大中天子是什么来历呢?据《续咸通传》记载:唐宪宗有两个儿子,一个是后来的唐穆宗,一个是后来的唐宣宗。而唐宣宗就是大中天子,“大中”是他在位时的年号。唐宣宗本名李怡,后更名李忱,十岁时被封为光王。李怡年少时十分聪慧,经常盘腿打坐。唐穆宗在位时,有一次早朝退朝后,李怡一时调皮竟然爬到穆宗的龙座上,摆出接见群臣的姿态。这可是大逆不道的举动,大臣们见此情形以为光王神经错乱,就报告给穆宗。而穆宗并没有怪罪小李怡,而是轻抚李怡说:“我的弟弟可是我们家的大人物。”穆宗比李怡年长十五岁,对李怡比较爱护。可惜好景不长,穆宗于长庆四年驾崩,从此李怡失去了庇护。穆宗有三子,分别是后来的唐敬宗、唐文宗、唐武宗。唐敬宗即位两年后,就被身边的宦官谋害而死。敬宗死后,另外一派宦官拥立穆宗第二子李昂即位,是为唐文宗。与唐敬宗沉湎声色犬马不同,唐文宗是一个励精图治的皇帝。他一心想铲除宦官势力,与心腹大臣密谋了诛杀宦官的行动。结果计划败露,宦官仇士良等人带兵进入皇宫大肆屠杀,并将文宗软禁,史称“甘露之变”。五年后,文宗抑郁而终。至此,文宗在位一共十四年。文宗死后,仇士良等人拥立穆宗第五子李炎即位,是为唐武宗。唐武宗心胸狭隘,专断决绝。他在位时沉迷道教,下令“灭佛”,让佛教遭遇了沉重的打击。他瞧不起他的皇叔李怡,经常当众羞辱李怡,称李怡为“痴奴”,李怡自幼目睹朝中腥风血雨,为了自保他终年沉默寡言,装作一副痴傻的样子,对于别人的戏弄,他始终无动于衷,是名副其实的“痴奴”。实际上武宗一直怀疑李怡是在装傻,又因为忌惮李怡小时候曾经坐到穆宗的龙座上玩耍,有篡位的嫌疑,对于皇位始终是一种威胁。终于有一天,武宗密令宦官把李怡抓到后宫永巷中处死,李怡陷入昏迷后,宦官们以为李怡已死,便将他扔进粪坑。李怡沉入粪坑后又苏醒过来,这时有一名叫仇公武的宦官同情李怡,有心搭救,便暗自将李怡用粪车掩藏后运出皇宫。

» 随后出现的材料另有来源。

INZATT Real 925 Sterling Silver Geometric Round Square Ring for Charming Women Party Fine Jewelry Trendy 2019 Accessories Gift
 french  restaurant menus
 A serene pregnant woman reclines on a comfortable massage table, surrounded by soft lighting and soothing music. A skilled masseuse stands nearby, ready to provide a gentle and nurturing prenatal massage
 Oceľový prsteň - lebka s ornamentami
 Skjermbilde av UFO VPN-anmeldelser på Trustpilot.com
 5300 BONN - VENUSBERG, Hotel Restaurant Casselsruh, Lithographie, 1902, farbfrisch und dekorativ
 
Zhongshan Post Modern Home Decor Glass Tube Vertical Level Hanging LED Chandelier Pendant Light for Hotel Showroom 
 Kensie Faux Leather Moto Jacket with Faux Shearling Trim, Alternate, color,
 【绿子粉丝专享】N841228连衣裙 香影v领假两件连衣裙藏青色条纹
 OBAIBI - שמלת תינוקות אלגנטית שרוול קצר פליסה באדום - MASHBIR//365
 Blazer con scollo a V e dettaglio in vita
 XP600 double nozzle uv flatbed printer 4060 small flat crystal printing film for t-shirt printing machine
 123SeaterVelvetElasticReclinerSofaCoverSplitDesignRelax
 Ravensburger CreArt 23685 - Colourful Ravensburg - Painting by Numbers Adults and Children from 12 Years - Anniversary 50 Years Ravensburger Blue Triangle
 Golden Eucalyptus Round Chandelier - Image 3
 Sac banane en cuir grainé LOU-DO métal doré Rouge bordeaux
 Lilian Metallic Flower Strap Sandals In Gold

李怡逃出生天后,隐藏身份来到香严智闲住持的寺院出家成为沙弥,但是没有受具戒。“具戒”指的是正式的出家人求受的二百五十条具足戒,受具戒即成为“比丘”。香严带着李怡游方到庐山的时候,见到瀑布之美景,诗兴大发,吟出一句:“穿云透石不辞劳,地远方知出处高。”香严沉思很久得不出下句,于是他想试探一下身边这个沙弥的底细。他让李怡续接下句,李怡脱口而出:“溪涧岂能留得住,终归大海作波涛。”香严一听此句气势不凡,暗含远大的志向,已知这个沙弥不是普通人,从此暗中关注这个沙弥。
后来李怡来到盐官齐安禅师住持的寺院,盐官有意提携李怡,安排李怡作书记。“书记”乃寺院的职务之一,负责日常文秘工作。当时黄檗在这个寺院任首座。有一天,黄檗礼佛完毕,李怡向他请教:“不著佛求,不著法求,不著众求,礼拜当何所求?”意思是修行人不著相,你现在是在求什么?黄檗回答:“不著佛求,不著法求,不著众求,常礼如是。”黄檗意思是说,即便不著相,无所求。礼佛也应该作为日常功课。李怡又问:“用礼何为?”既然无所求,那还礼佛干什么,不是多余么?黄檗没有回答而是立马打了李怡一掌。李怡说:“你这也太粗鲁了。”黄檗说:“这里是什么地方?容不得你说粗说细。”说完又是一掌。黄檗接引学人,一向都是施以本分钳锤,截断情识,不容拟议。而李怡并不能理解黄檗这种手段。所以对黄檗的印象并不太好。后来唐武宗驾崩,李怡在宦官马元贽的拥立下正式坐上龙座,是为唐宣宗。唐宣宗即位后,勤俭治国,施行仁政。因为他本人笃信佛教,在位时大力扶持佛教,武宗时近乎毁灭的佛教又得到恢复。宣宗曾经敕封黄檗为“粗行沙门”,暗含贬义。后来宰相裴休上奏唐宣宗,将黄檗平日里的行持与风貌告诉了唐宣宗,唐宣宗又重新敕封黄檗为断际禅师。唐宣宗参黄檗这件事,就是“大中天子曾轻触,三度亲遭弄爪牙。”有关唐宣宗出家的经历,并无正史记载,仅在唐代令狐澄《贞陵遗事》、南唐尉迟偓《中朝故事》、北宋赞宁《高僧传·齐安传》、南宋陈岩肖《庚溪诗话》中有零星记载,而这里圜悟所说的《续皇王宝运录》已无从查证,可能早已散失。“雪窦知他血脉出处,便用得巧,如今还有弄爪牙底么?便打。”雪窦这个颂引用的很巧妙,现在还有人敢触碰黄檗的爪牙吗?一碰就要挨打。关于唐宣宗出家的经历,苏东坡专门写了一首诗,诗里说:“已将世界等微尘,空里浮花梦里身。岂为龙颜更分别,只应天眼识天人。”三千世界等同于微尘,一切浮华都像梦中知觉是幻化不实的。并不是帝王的长相有什么特别之处,只不过是明眼之人能从他的作风看出不同寻常之处。